McLEAN, Va. – Jan. 16, 2009 – Rates on 30-year mortgages set a record for a fifth straight week by dropping to below 5 percent, the lowest mark since Freddie Mac started tracking the data in 1971.
Mortgage rates have been dropping since late November, when the Federal Reserve said it was going to pump money into the banking system by buying $500 billion in mortgage-backed securities to get banks to lend more money and perhaps aid the ailing U.S. housing market.

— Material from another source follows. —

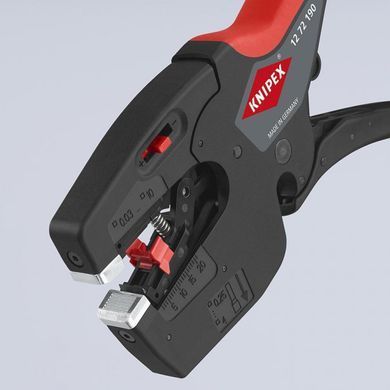 Автоматический мультифункциональный стрипер NexStrip KNIPEX 12 72 190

Freddie Mac reported Thursday that average rates on 30-year fixed mortgages dropped to 4.96 percent this week, down from the previous record of 5.01 percent established last week. It was the 11th straight weekly drop, and way below the rate of 5.69 percent at the same time last year.
Rates at are their lowest since the company started its survey in April 1971, Freddie Mac said.

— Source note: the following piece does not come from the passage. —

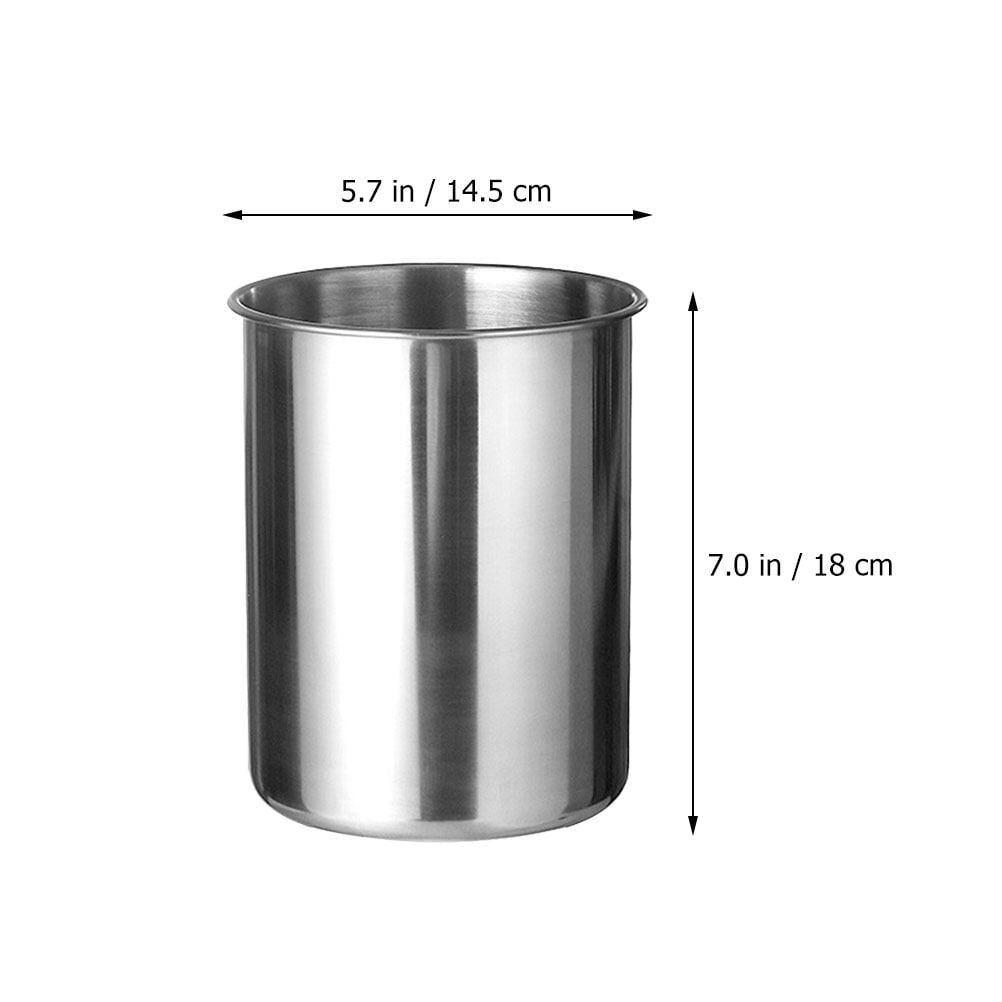 Ice Cube Bucket Stainless Steel Drinks Cooling Bucket Metal Ice Cube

Frank Nothaft, Freddie Mac’s chief economist, said mortgage rates have fallen as the Treasury Department and the Fed added more than $100 billion in liquidity to the mortgage market since September.

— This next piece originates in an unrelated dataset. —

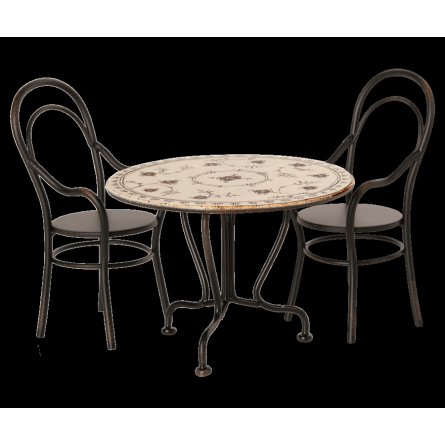 Table à manger avec 2 chaises Maïleg - IkaIpaka Royan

The average rate on a 15-year fixed-rate mortgage rose to 4.65 percent. That rate was 4.62 percent last week, the lowest point since June 2003, Freddie Mac said.
Average rates on five-year, adjustable-rate mortgages fell to 5.25 percent, the lowest since the week ending Sept. 8, 2005, when it averaged 5.24 percent, Freddie Mac said. Rates on one-year, adjustable-rate mortgages fell to 4.89 percent, down from 4.95 percent last week.
The rates do not include add-on fees known as points. The nationwide fee for 30-year and 15-year mortgages averaged 0.7 point for this week. Fees for five-year adjustable rate mortgages averaged 0.6 point, compared with 0.5 point for one-year adjustable-rate mortgages.
Freddie Mac, and sibling company Fannie Mae, own or guarantee about half of the $11.5 trillion in U.S. outstanding home loan debt. The government seized control of the companies in September.